Military College of Telecommunication Engineering (MCTE)
The first training institution in Mhow, MCTE was known as the School of Signals till 1967. It is the alma mater of the Corps of Signals. MCTE conducts telecommunications and information technology courses for officers, JCOS, NCOs and soldiers of the Indian Army. Officers and men from other countries also attend courses there. It also trains gentlemen cadets for a bachelor's degree in engineering at the Cadets Training Wing (CTW). On completion of their training, most of the cadets get commissioned into the Indian Army's Corps of Signals, however, some are also commissioned into other branches. Indian Army has also set up a Quantum Computing and an Artificial Intelligence centre at MCTE.
The present Commandant is Lt Gen MU Nair, AVSM.

The Army War College

Army War College, Mhow (AWC) is a tactical training and research institution of the Indian Army. It develops and evaluates concepts and doctrines for tactics and logistics. The college trains about 1,200 officers, as well as paramilitary forces each year.

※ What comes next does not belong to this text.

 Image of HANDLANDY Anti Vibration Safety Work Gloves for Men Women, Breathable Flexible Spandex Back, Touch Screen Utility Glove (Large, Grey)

The college was originally established as the College of Combat at Mhow on 1 April 1971. It was spun out of the Infantry School, Mhow. It continued to operate from the campus of the Infantry School until 1988, when the college moved to its new campus. In 2003, the college was renamed as the Army War College, Mhow.

The college mainly conducts three courses—the Junior Command (JC) course, the Senior Command (SC) course and the Higher Command (HC) course. The former Chiefs of Army Staff (COAS) General K. Sundarji and General V. N. Sharma have served as the Commandant of the college. The present commandant is Lt Gen Dushyant Singh, PVSM, AVSM.

Government and politics
Mhow has one seat in the State Legislative Assembly (the Vidhan Sabha). The first elected MLA (Member of Legislative Assembly) was R.C. Jall (Indian National Congress) who belonged to the Parsi community.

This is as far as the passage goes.